Deployed on all four sides at the top of the rectangular marble pillar is a relief frieze depicting the Battle of Pydna. The frieze runs 6.5 meters long and 0.31 meters high. The figures are carved in high relief out of white veined marble with a brown patina. The frieze is the earliest known example of Greek sculpture in a purely Roman context. The Hellenistic style reliefs are the first surviving sculpture that depicts a Roman historical narrative. There is no landscape or context filling the space, the relief only depicts the two armies in combat, both on foot and horseback. In between scenes of combat lie dead or dying warriors. Battle scenes are made lively with foreshortening from the rear and a strong attention to detail. The two sides can be distinguished by differentiating detail in the armor and weapons. The Romans carry large oval shields (scuta) while the Macedonians' shields are rounded. Nude warriors, once thought to be heroic nudes of fallen Romans, are probably Celtic mercenaries serving under Perseus.

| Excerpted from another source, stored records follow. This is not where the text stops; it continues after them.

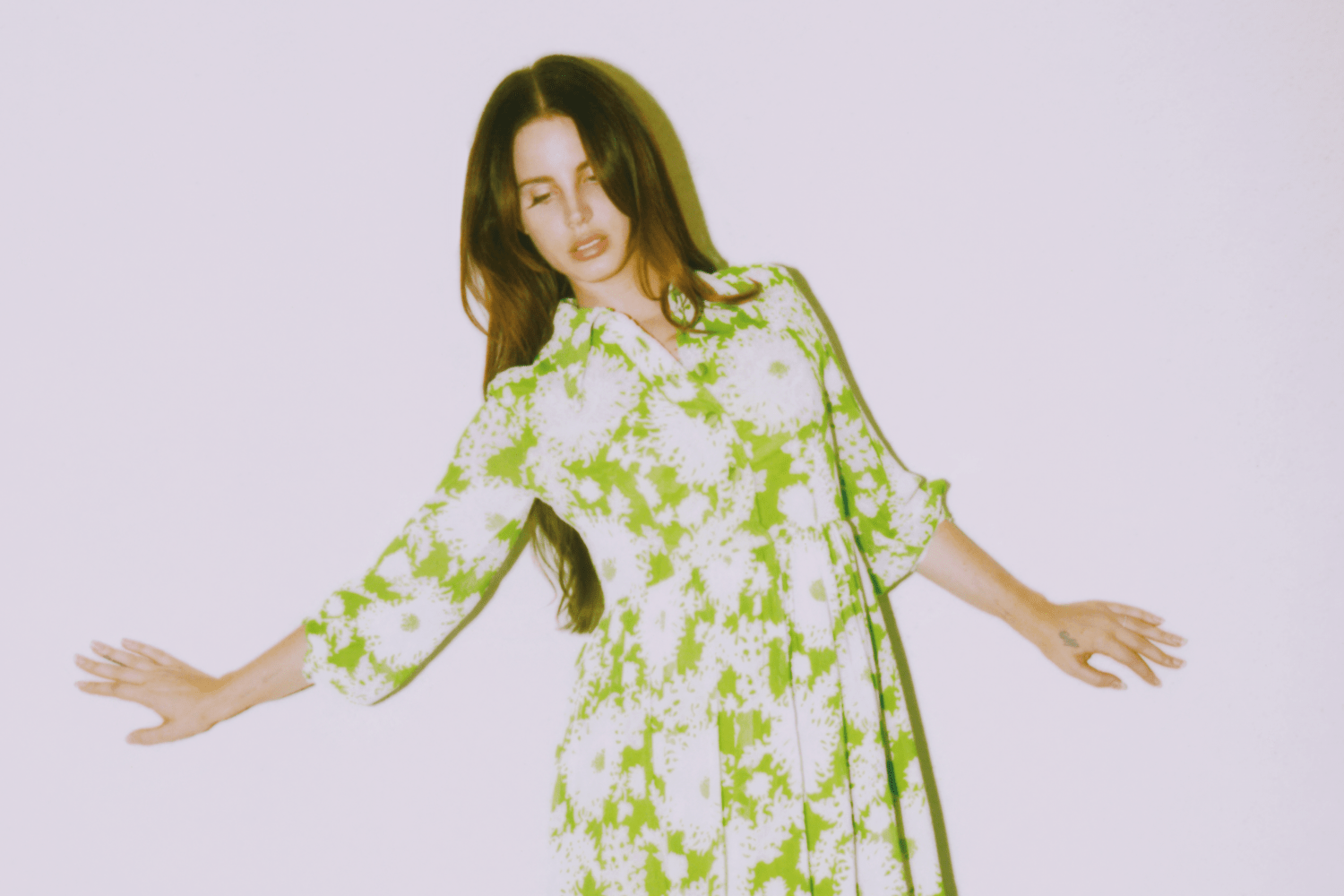 Lana Del Rey Graces Melbourne With Her Presence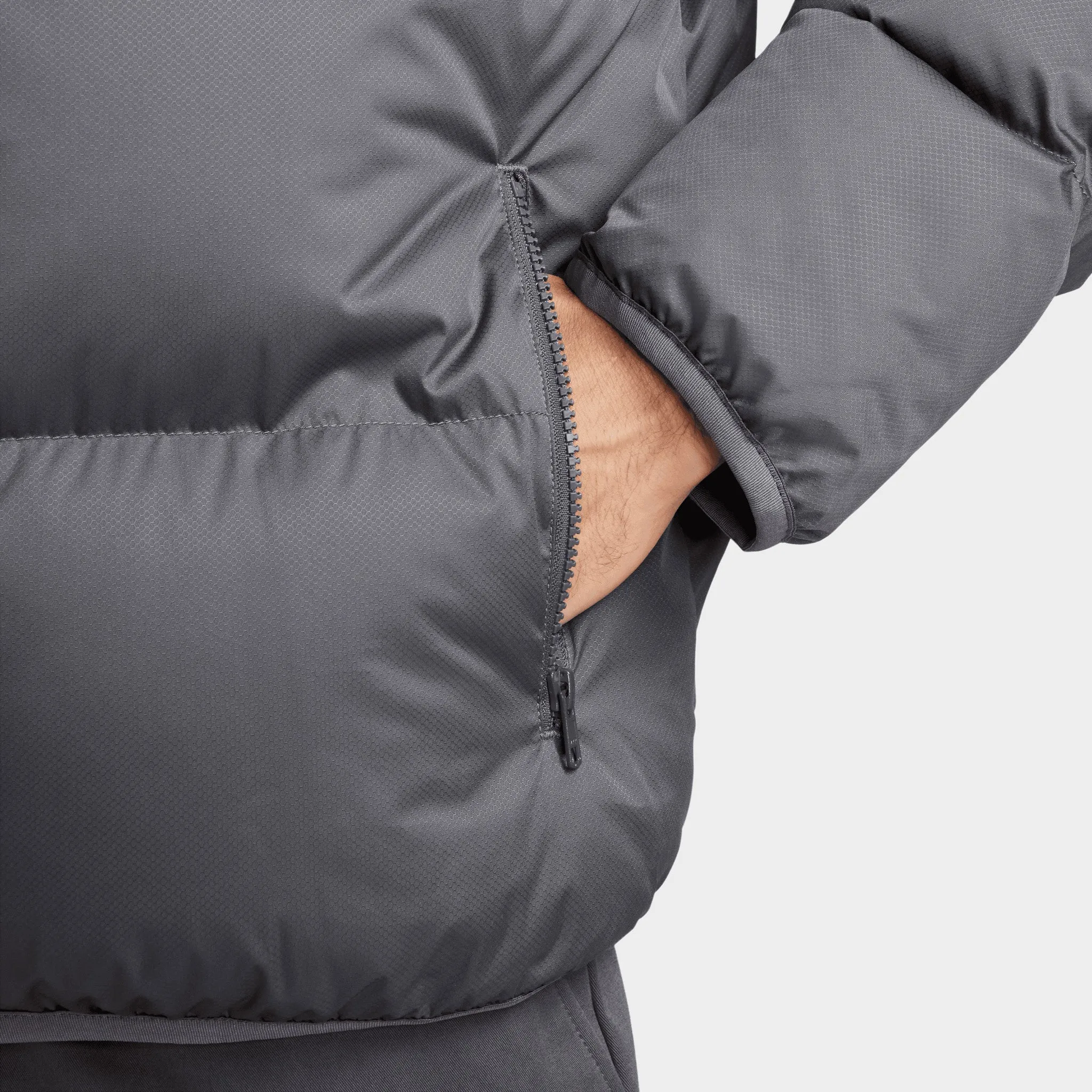 Nike Sportswear Club Puffer Jacket Iron Grey / White sold by JD Sports product image thumbnail 4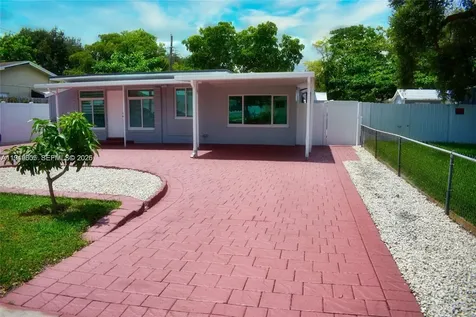 6120 Hayes Street Hollywood FL 33024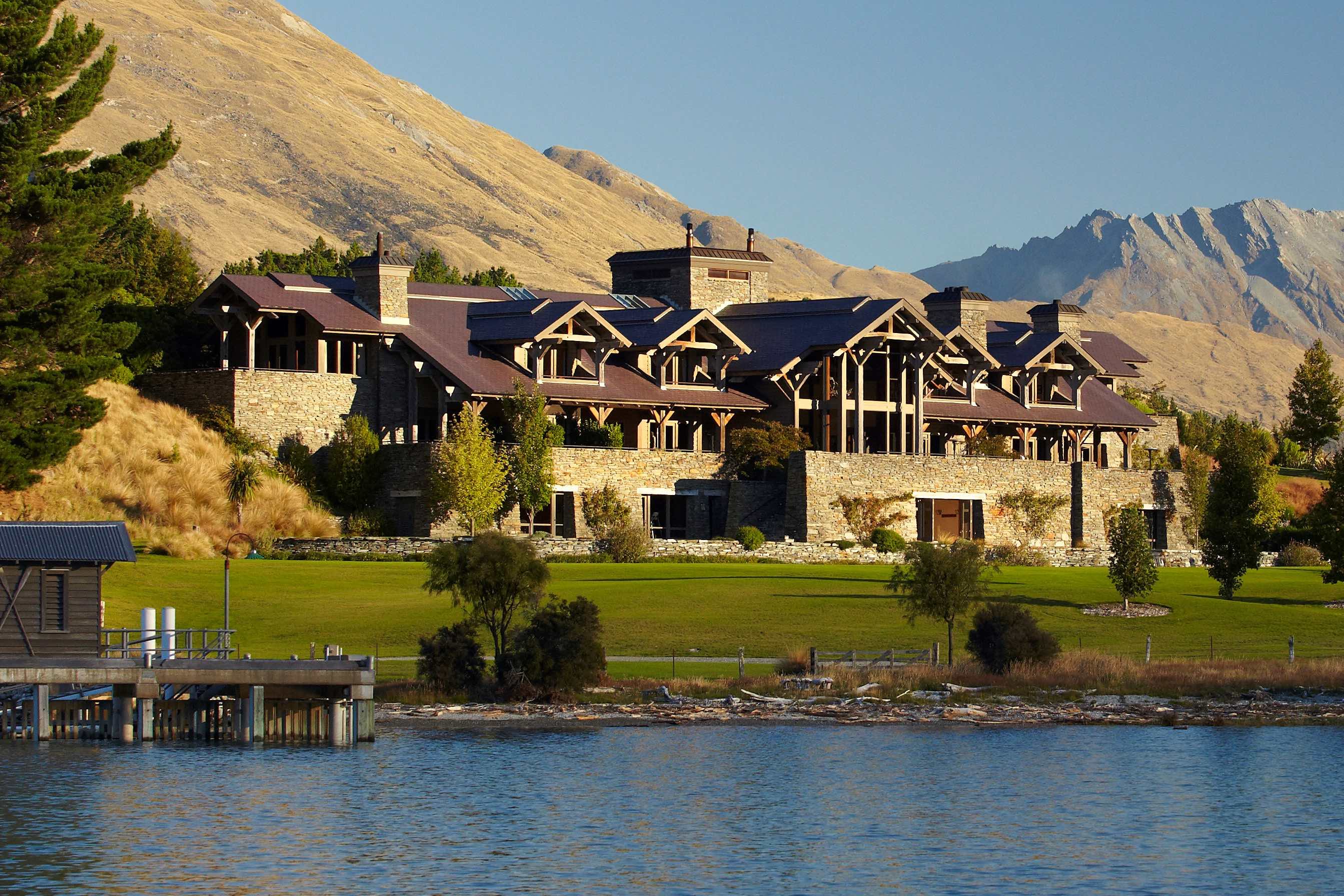 Blanket Bay Lodge Lakefront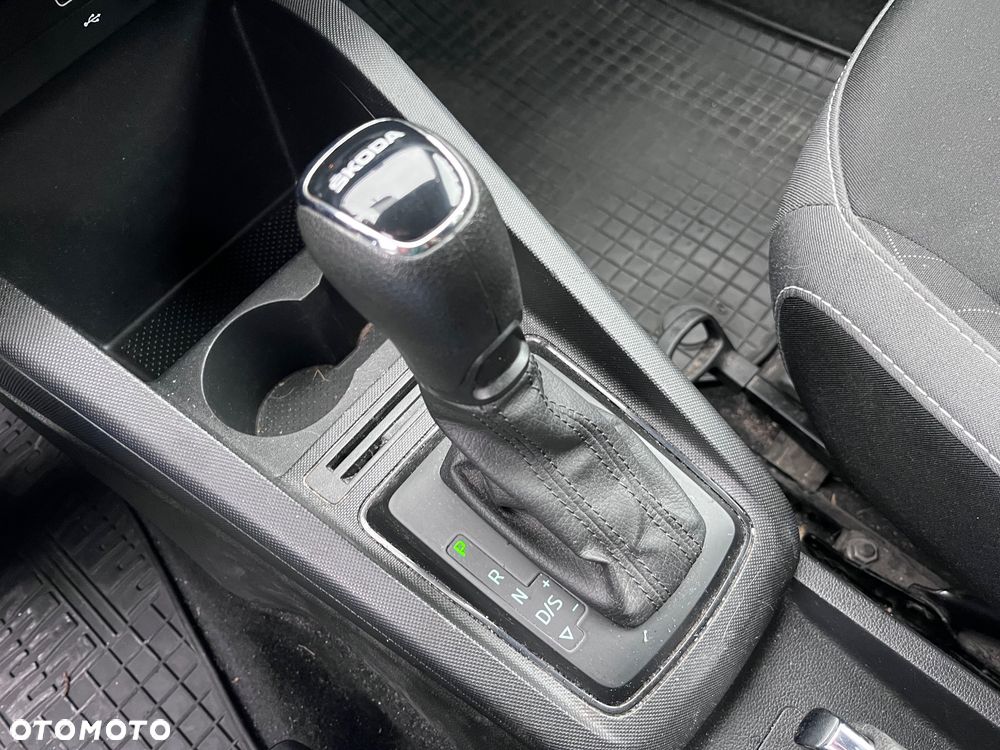 Skoda Fabia 1.0 TSI Ambition DSG - 27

On one side of the frieze, a riderless horse appears dominating the scene. This alludes to the story that said the battle developed from pickets skirmishing over an escaped horse (or mule). Legends said an oracle predicted that whichever side started the battle would lose. Before the battle, a Roman horse got loose and ran towards the opposition, which caused Perseus to assume the Romans had initiated battle. When he attacked in return, Perseus then started the battle himself. For this reason, the riderless horse indicates that the relief specifically depicts the Battle of Pydna, opposed to some generic scene of combat between the Romans and Macedonians. Some suggest that each panel should be read as a different phase of the battle, from the initial skirmishing to the final rout. Taylor argues that the four reliefs together were intended to depict a single scene of Roman victory, and that the prominence of cavalry throughout alludes to the successful mounted pursuit of fleeing Macedonians after the phalanx had broken.